His year-end target for the S&P 500 was the lowest among his peers at major firms until Cantor Fitzgerald churned out a weaker forecast. But Harvey wasn’t bearish, per se: He expected a double-digit rally in the S&P 500, just from the lower starting point it plunged to during the fourth quarter.
If the correction somewhat muddled his stock-market views, his latest call for a separate corner of the market is unmistakably bullish. He’s calling the end of a two-year bear market for the value factor, which screens stocks that are trading at low prices relative to their fundamental value.

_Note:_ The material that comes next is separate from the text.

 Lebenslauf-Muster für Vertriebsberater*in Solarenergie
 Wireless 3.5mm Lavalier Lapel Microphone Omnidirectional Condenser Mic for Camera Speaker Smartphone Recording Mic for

If the past two years seemed tough for value as defined by Harvey, consider the majority of the postrecession era, when value investors have largely been walloped by high-growth stocks.
“After two years of underperformance and a healthy sell-off in 4Q18, we think the risk/reward for the Value style is much more attractive,” Harvey said. “The pendulum is swinging back in Value’s favor — we’re expecting a positive run for the investment style over the next 12 months.”
Harvey’s conviction in the value style is driven by what he observes as an inflection point for the factor. Specifically, the median book-to-price ratio of “cheap” and “expensive” stocks rose last year to its highest levels since 2011, as the chart below shows. In other words, “expensive” stocks were trading at such a rich premium that Harvey spotted an opportunity for bargain hunters to swoop in on their value counterparts.
Forward earnings are usually the go-to metric for determining how expensive or cheap a stock is. Harvey, however, employs book value — a company’s assets less its liabilities — because it’s more stable than earnings over time, especially when the economy is in turmoil.
Beyond the extended spread between cheap and expensive stocks, Harvey observed late last year that macroeconomic conditions were lining up in favor of value. Specifically, he waited for confirmation from three signals before officially advising clients to be overweight value: tightening credit spreads, the Federal Reserve pausing rate hikes, and a flat curve between two- and 10-year yields.
“These macro trends influence the cost of capital, market risk and ultimately stock multiples especially for Value stocks, which are often debt-heavy and higher risk,” he said in a note to clients.
The shaded areas in the chart below highlight moments when investors favored value stocks and reined in the premium that expensive stocks commanded. In Harvey’s view, we’re at another such inflection point.
Previous shifts to value have generally taken 12 months or longer, Harvey said. But there’s reward for investors who buy in to the factor early: There was an 11% median one-year return on Wells Fargo’s multifactor value model, which combines cash-flow yield, price/book, and price/sales ratios.